Tag: Testing

  • Is Personalized Genetic Testing Worth It?

    Is Personalized Genetic Testing Worth It?

    Overrated “precision medicine” may just be serving vested interests, and consumer DNA testing can be useless—or even worse.

    Today, you can get your DNA sequenced—the letters of your entire genetic code spelled out—for about a thousand dollars, a bargain compared to the $100 million or so it cost 20 years ago. And for around a hundred dollars, you can get partial DNA sequencing. Direct-to-consumer genetic testing is “only a click away,” like 23andMe, for “ancestry, health, love…and more.” Unfortunately, many tests that are available today haven’t been validated properly. And, as a result, the buyer may be buying something “that is ultimately useless.” Or, results may just be just flat-out wrong.

    There is growing public demand for direct-to-consumer genetic tests, but when put to the test, researchers found an “alarmingly high false-positive rate.” Test results indicated that people carried a high-risk gene, but it simply wasn’t true. And this happened 40% of the time, especially with the BRCA breast cancer gene (the one Angelina Jolie publicly revealed she carries), which you can see below and at 1:08 in my video Should You Get Personalized Genetic Risk Testing?.In addition to the 40% false-positive rate, some variants the tests did identify correctly were misclassified as being high risk when, in actuality, they weren’t high risk at all. You can see how it’s in these companies’ best interest to give scary outlier results, so customers will think the money spent was worth it and maybe even pay for additional testing. But false-positive results and variant misclassification can have serious consequences for a person, including unnecessary stress and even unnecessary medical procedures. What if you got a preventive double mastectomy because you falsely thought you were at high risk when you didn’t even have the BRCA mutation?

    Yes, now, these genome-wide association studies have identified thousands of common genetic variants that affect the risk of complex diseases, as I talked about in my video on personalized nutrition. “Nevertheless, the discovered gene variants do not markedly expand our predictive ability compared with what can be achieved by using only information from long-known traditional risk factors.”
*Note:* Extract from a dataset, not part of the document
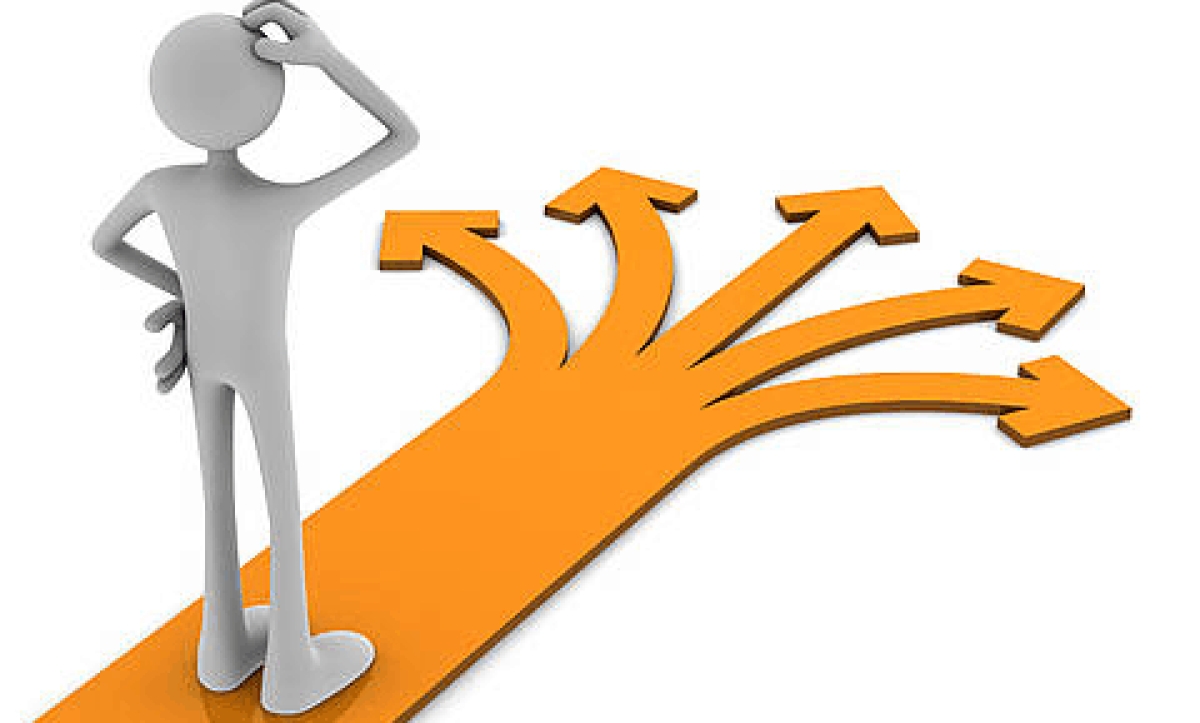 الإرشاد الأكاديمي هو خطوتك الأولى نحو التميز والنجاح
    Take type 2 diabetes, for example. Researchers have identified about 50 genes that are linked to increased diabetes risk, but even when considered collectively, “obese persons with the lowest genetic risk for diabetes were nearly 5 times more likely to develop the disease than normal-weight persons with the highest genetic risk.” In other words, this would send out the wrong message to someone who is obese, giving them a false sense of security. Knowledge about type 2 diabetes genetic susceptibility based on what we know so far has “no implications for decisions about who should be targeted for intensive lifestyle interventions.” Everyone with excessive body fat, regardless of genetics, needs to slim down to reduce the risk of diabetes.

    What about the famous study that purported to show that personally tailored dietary interventions could improve blood sugar responses, to the extent that some commentators said it raised questions about the usefulness of universal dietary recommendations? But if you actually read the study, the results do not show high interpersonal variation in relative blood sugar responses; do not show the model is superior to current methods of detecting high blood sugars; and do not show that personalized nutrition advice is better than standard dietary advice to manage high blood sugar responses after meals.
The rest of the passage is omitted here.